Illustration by Adelaide Tyrol
I have a confession to make. Up until a week or so ago, I didn’t know how to tell a grasshopper from a cricket. I’d see some sort of large, hopping insect, reach for my field guide, and – what is that thing? – could not come to a conclusion before it hopped away.
Now I know. It ain’t easy. But more important, I had been approaching it all wrong. I was looking for grasshoppers to be in one group, with understandable grasshopper characteristics. And for crickets to be in another, with cricket characteristics. But it doesn’t work that way.
There are indeed two groups, but they are both grasshoppers. One group is the short-horned grasshoppers, also known as locusts. The “horns” are antennae. In this group, the antennae are shorter than the length of the body, often less than half as long. Short-horns are generally active during the day, so if you see a grasshopper-like insect winging across your yard during daylight hours, it’s most likely a short-horn.
The other group is the long-horned grasshoppers, which includes katydids and crickets. All of these have “horns” or antennae that are longer than their bodies. Crickets fold their wings flat down on their backs, while most of the other long-horned grasshoppers, including katydids, fold them tent-like above their backs.
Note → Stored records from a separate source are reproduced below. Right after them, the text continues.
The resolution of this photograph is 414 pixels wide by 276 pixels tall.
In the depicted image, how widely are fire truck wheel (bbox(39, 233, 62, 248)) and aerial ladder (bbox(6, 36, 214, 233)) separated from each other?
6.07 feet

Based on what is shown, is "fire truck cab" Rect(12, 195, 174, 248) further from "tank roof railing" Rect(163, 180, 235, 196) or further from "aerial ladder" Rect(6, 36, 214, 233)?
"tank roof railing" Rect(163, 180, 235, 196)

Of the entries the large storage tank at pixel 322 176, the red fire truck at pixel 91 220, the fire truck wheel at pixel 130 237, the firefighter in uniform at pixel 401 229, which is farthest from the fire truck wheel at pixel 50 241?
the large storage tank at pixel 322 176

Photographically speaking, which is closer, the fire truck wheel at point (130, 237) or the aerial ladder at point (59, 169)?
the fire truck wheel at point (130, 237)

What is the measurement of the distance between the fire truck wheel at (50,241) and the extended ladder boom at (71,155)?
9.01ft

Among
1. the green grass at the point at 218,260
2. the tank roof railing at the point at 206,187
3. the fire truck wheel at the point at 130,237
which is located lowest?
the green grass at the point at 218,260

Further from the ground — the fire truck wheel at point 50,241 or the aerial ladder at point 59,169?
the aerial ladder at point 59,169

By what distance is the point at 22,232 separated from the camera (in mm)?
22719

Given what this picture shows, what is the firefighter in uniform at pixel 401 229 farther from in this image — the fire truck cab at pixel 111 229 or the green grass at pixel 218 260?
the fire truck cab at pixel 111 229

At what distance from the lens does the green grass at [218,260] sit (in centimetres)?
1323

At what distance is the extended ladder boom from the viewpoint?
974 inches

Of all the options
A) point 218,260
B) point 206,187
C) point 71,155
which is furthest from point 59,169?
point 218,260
Members of the long-horned club move about and make most of their noise at night, so that insect chirping away under the supper table is apt to be a cricket (or other long-horned cousin).
Ross Bell, a professor emeritus at the University of Vermont, became interested in grasshoppers and crickets about 15 years ago. Not much was known about grasshoppers and crickets in Vermont then, and Bell feels that not all that much more is known about them now. “Grasshoppers don’t sting people, so they don’t get much attention,” he says.
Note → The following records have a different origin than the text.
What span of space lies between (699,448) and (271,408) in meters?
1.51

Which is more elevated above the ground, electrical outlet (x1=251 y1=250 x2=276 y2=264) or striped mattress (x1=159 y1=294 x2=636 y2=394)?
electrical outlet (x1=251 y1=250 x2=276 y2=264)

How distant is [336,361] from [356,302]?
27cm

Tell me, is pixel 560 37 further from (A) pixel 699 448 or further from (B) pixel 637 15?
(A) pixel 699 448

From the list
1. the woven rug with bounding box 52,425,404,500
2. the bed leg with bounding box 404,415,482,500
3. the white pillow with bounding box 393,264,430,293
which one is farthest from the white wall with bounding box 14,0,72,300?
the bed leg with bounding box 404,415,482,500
But Bell is keeping count. In Vermont, there are 39 species of short-horned grasshoppers, 16 species of crickets, and 17 other species of long-horned grasshoppers.
In New Hampshire are 35 short-horned grasshopper species, 15 crickets, 16 other species of long-horned grasshoppers, plus 5 camel crickets, a mole cricket, a pygmy mole cricket, and 7 species of pygmy grasshoppers.
As for how the species tell themselves apart, it appears that sound is the main way. Bell says some people who collect crickets don’t even collect their bodies, as most insect collectors do. They just record their songs.
“In some cases, you can’t even tell the cricket species apart if you are holding them in your hand,” Bell says, “but you can tell when they call.”
Around my house at this time of year, the Carolina grasshopper is everywhere, erupting in short, noisy flights across the gravel driveway on its white-banded wings. This is a short-horned grasshopper, most active by day. It’s found in both Vermont and New Hampshire. Bell notes that it is the most common grasshopper in the Connecticut River valley. It can be quite colorful, he says; its wings are black with yellow borders, and a related species has wings that are sometimes yellow or pink.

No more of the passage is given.